自転車に装着したときに、バッグが前輪の中心より内側(体寄り)にセットできた。このため重心バランスを崩すことなく、ハンドルの操作性が鈍くならない点がかなり快適だった。いつか長距離やグラベルだけを走って移動する旅にも使ってみたい。
フォークパック 4.1L
- 価格:11,000円(1個)
- サイズ:幅17.5×高さ28×奥行き11cm
- 容量:4.1L
- 重量:290g
- 耐荷重:3kg
- 付属品:QLSsystemアダプター
フレームパックトップチューブ
4本の面ファスナーでフレームに装着するフレームパック。バッグ上部のフレームと接する部分の素材が滑りにくいもので、一度、面ファスナーのストラップを締めると緩みなく走れるところはさすが。大きなジッパーは引きやすく開閉が楽。

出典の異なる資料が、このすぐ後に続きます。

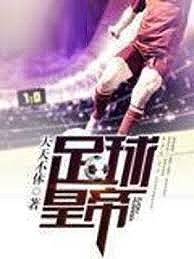 足球皇帝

ここには、折りたたみテーブル、ガスカートリッジ、折りたたみ式の火バサミ、空気入れ、パンク修理セット、工具、ワイヤーロックを収納。まだ余裕があったので、荷物が増えた場合に備えてラバーストラップ2本も入れた。走行中に自転車のトラブルがあったときに対処するための道具は、すべてここに。
フレームパックトップチューブ
- 価格:22,000円
- サイズ:幅40×高さ15×奥行き6cm
- 容量:3L
- 重量:170g
- 耐荷重:3kg
バッグ以外に装着した小物
ハンドルにバッグを装着したため、へッドライトを取り付ける場所がなくなった。そこでフロントフォークの先端にあるネジ穴に、市販のライトマウントを装着して対応した。メインフレームには、ボトルケージ1個とボトルをセット。
今回は、途中、コンビニやスーパーが多いルートだったので、ボトルは1個で十分と判断したため。そのほか、万が一、帰りに荷物が入らなくなった場合に備えて、積載性を確保するケージ(小さなキャリア)をボトル台座に装着。幸い今回は出番がなかった。
冒険感を楽しめる自由なバイクパッキング
今回積載した道具の重さは約9kg。それなりに重量感はあるが、普段自分が使っている自転車と比べて、重量配分が良く、ハンドリングに変なクセも出ることなく、安定して走れた。基本設計がツーリング向きのグラベルバイクと、たっぷり積めてバランスよく走ることを両立したバッグのおかげで、重い荷物を装備して走ることが、まったく苦にならないキャンプツーリングを楽しめた。今の時代、せっかくこんな素晴らしいバイクとギアがあるのだから、それを選択しない手はないと実感した。
いくつになっても子供のころのように心躍るバイクパッキング。自転車で街を抜け出し、自力で移動するからこそ体験できる、アドベンチャー感満載のキャンプスタイルをぜひ試していただきたい。